#### What is expected
Your answer should consist only of the lines below from the one with "Color code: RGB 201 23 188 | qconv.com" through the one with "Collection of illustrated", copied exactly.

#### The records
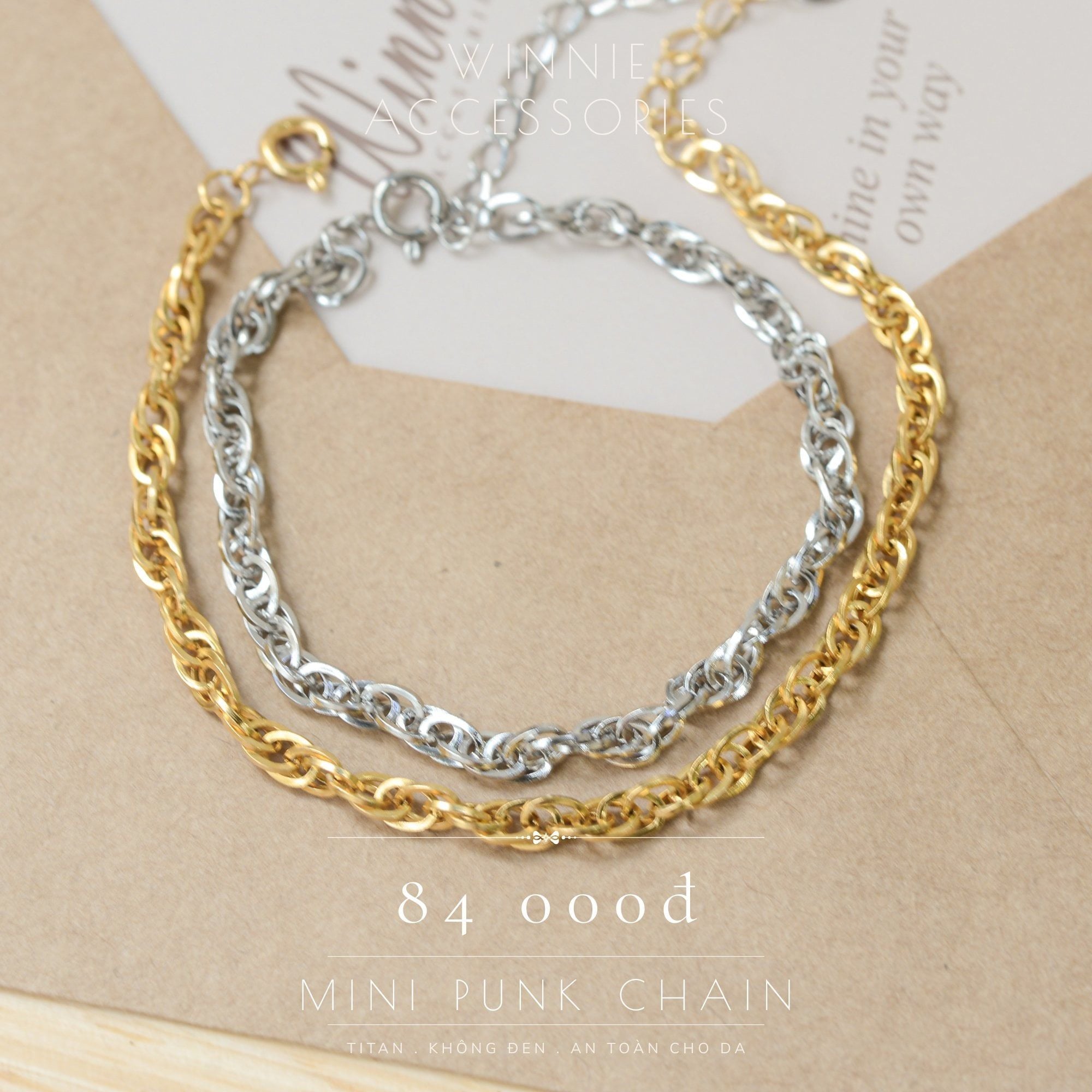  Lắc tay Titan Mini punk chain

...

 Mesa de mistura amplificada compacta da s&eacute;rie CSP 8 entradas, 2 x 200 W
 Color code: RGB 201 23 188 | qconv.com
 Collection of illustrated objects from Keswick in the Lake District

--

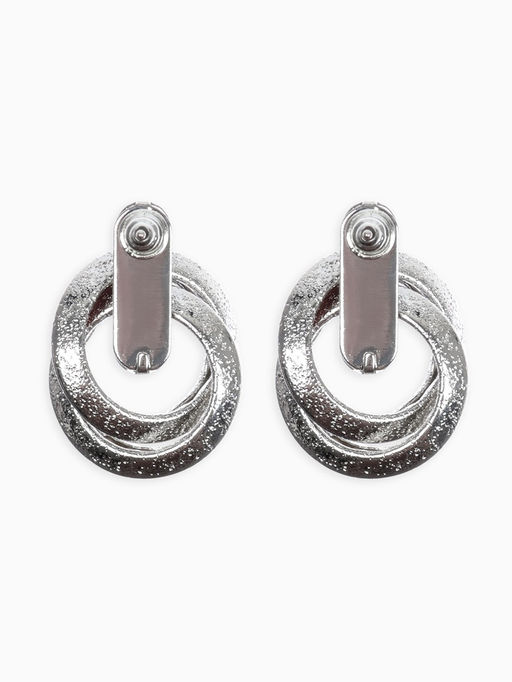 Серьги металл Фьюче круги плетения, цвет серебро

#### Task solution
 Color code: RGB 201 23 188 | qconv.com
 Collection of illustrated objects from Keswick in the Lake District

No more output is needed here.